Ghana Prison Feeding Budget Triples, 1,000 to Go Free in July
President John Dramani Mahama joined inmates at Nsawam Prison for worship and announced the daily meal budget jumped from $0.15 to $0.42 per person. Over 1,000 prisoners will gain freedom through July's amnesty program.
When a president walks into a prison chapel and sits down to worship alongside inmates, something powerful shifts in how a nation sees its most forgotten citizens.
President John Dramani Mahama did exactly that on April 25 at Ghana's Nsawam Medium Security Prison. The rare visit, organized with the Assemblies of God Church's Men's Ministry, brought worship, prayer, and concrete promises of change to hundreds of incarcerated people who rarely see hope walk through their gates.
The president's announcement about tripling the daily feeding rate from 1.80 to 5.00 Ghanaian cedis drew immediate praise from Prison Director-General Patience Baffoe-Bonnie. That means inmates now receive roughly $0.42 per day for meals instead of $0.15, a change that directly impacts their health and dignity.
But Mahama didn't stop at better food. He revealed plans to fast-track parole processes and grant amnesty to at least 1,000 inmates in July. For comparison, that's enough people to fill a small town's main street.

Quoting Matthew 25:36 about visiting prisoners, Mahama pledged new recreational facilities including an astroturf pitch and basketball court. He also promised to work with his wife Lordina's foundation to explore building healthcare facilities inside prisons, addressing a critical gap that forces expensive hospital transfers.
The Ripple Effect
The changes ripple beyond prison walls into families and communities. When inmates receive adequate nutrition, healthcare, and hope for release, they're more likely to successfully reintegrate into society. The education appeals from inmates during the visit highlight their determination to return as contributing citizens, not repeat offenders.
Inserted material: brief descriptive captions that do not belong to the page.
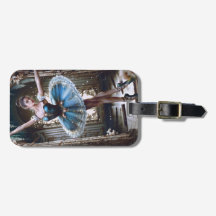 Balletttänzer in einem blauen Tutu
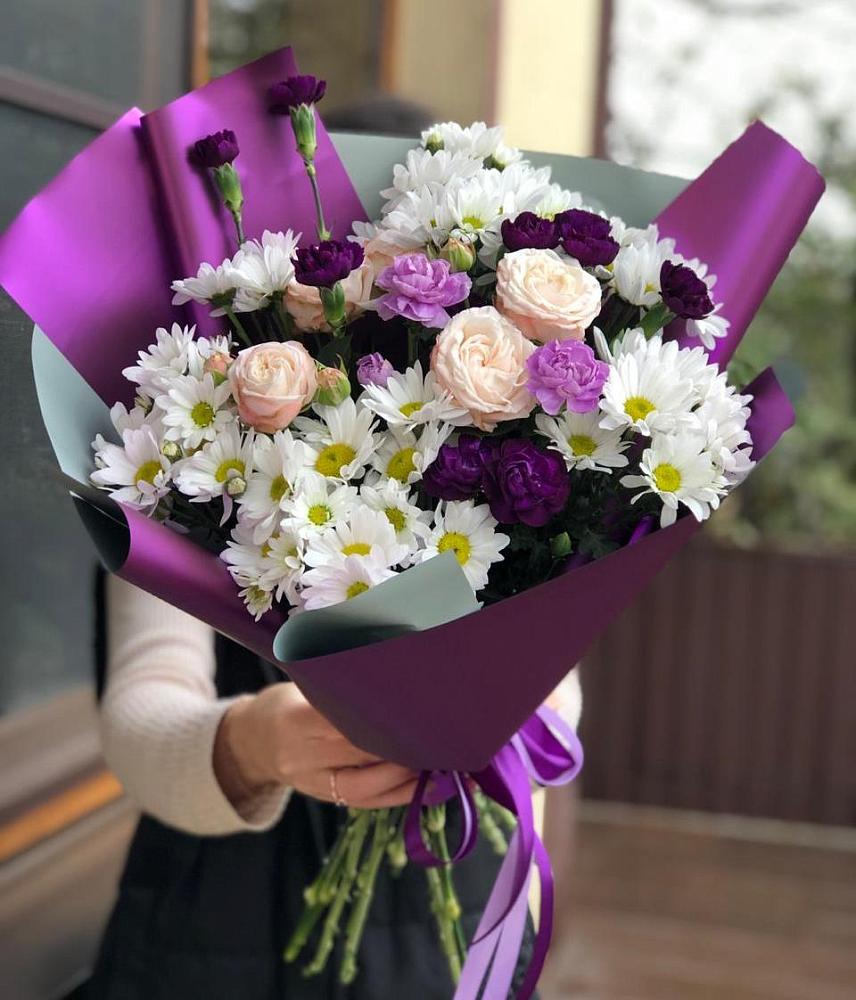 Букет цветов из: Хризантемы, Гвоздики и Розы в Кировский Курской области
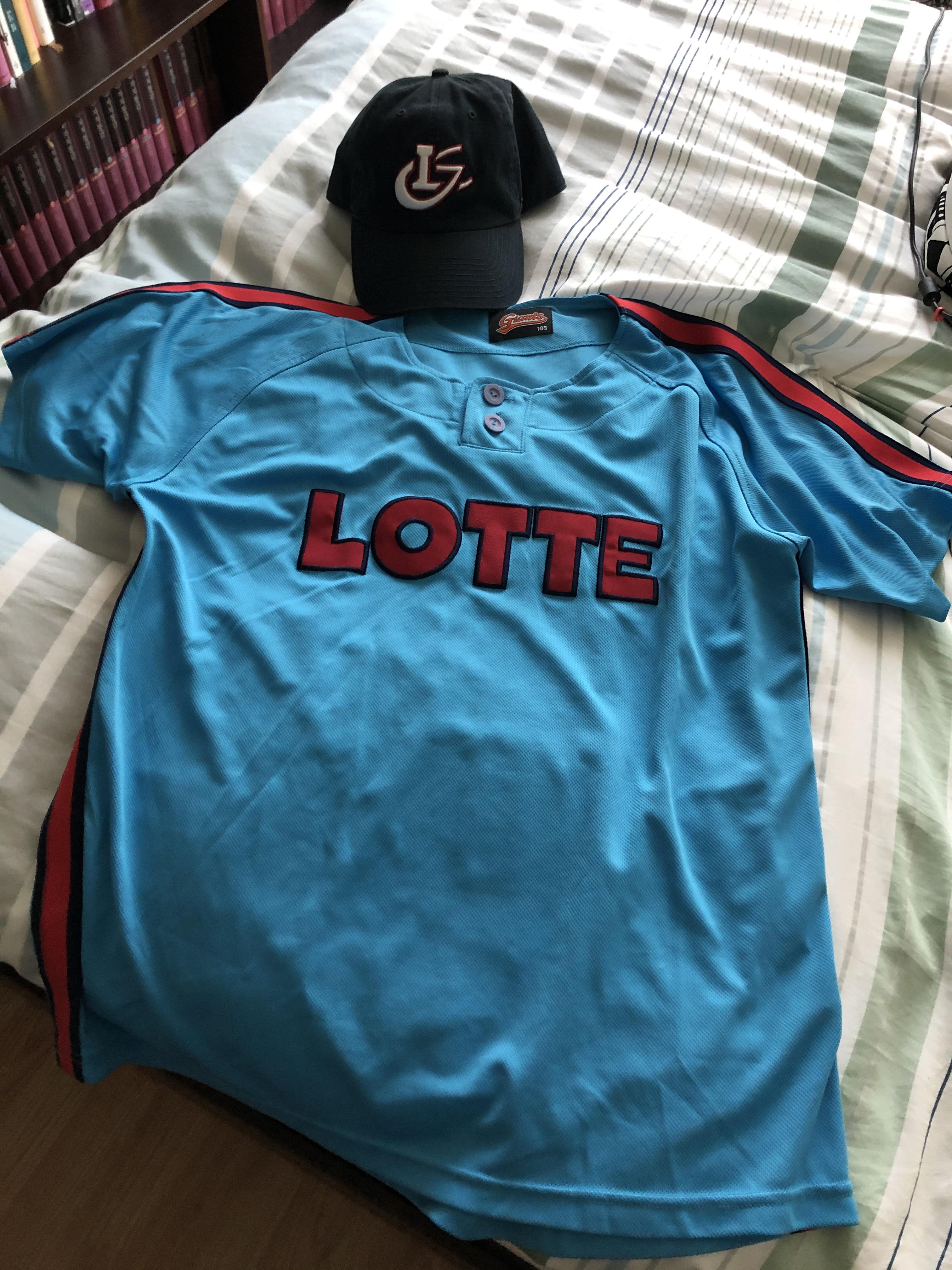 r/chanyolo does it again! So pumped to have my LG Twins gear here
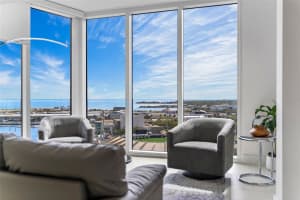 1 BEACH DRIVE, ST PETERSBURG, FL 33701 Sold 04/15/24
The ongoing projects Mahama toured show progress already happening: a 5,000-layer poultry farm teaching valuable skills and an 800-capacity remand prison to ease dangerous overcrowding. His delegation donated 250 bags of rice plus cooking oil, sugar, and other staples to immediately improve conditions.
Rev. Benjamin Tettey's sermon during the service encouraged inmates to embrace repentance and reform as pathways to renewal. That message landed differently when backed by a president willing to turn faith into policy, showing up not just for photo opportunities but with budget increases and freedom dates.
Ghana's prison reforms signal a broader shift toward treating incarceration as rehabilitation rather than punishment, recognizing that most inmates will eventually return home and deserve the tools to succeed when they do.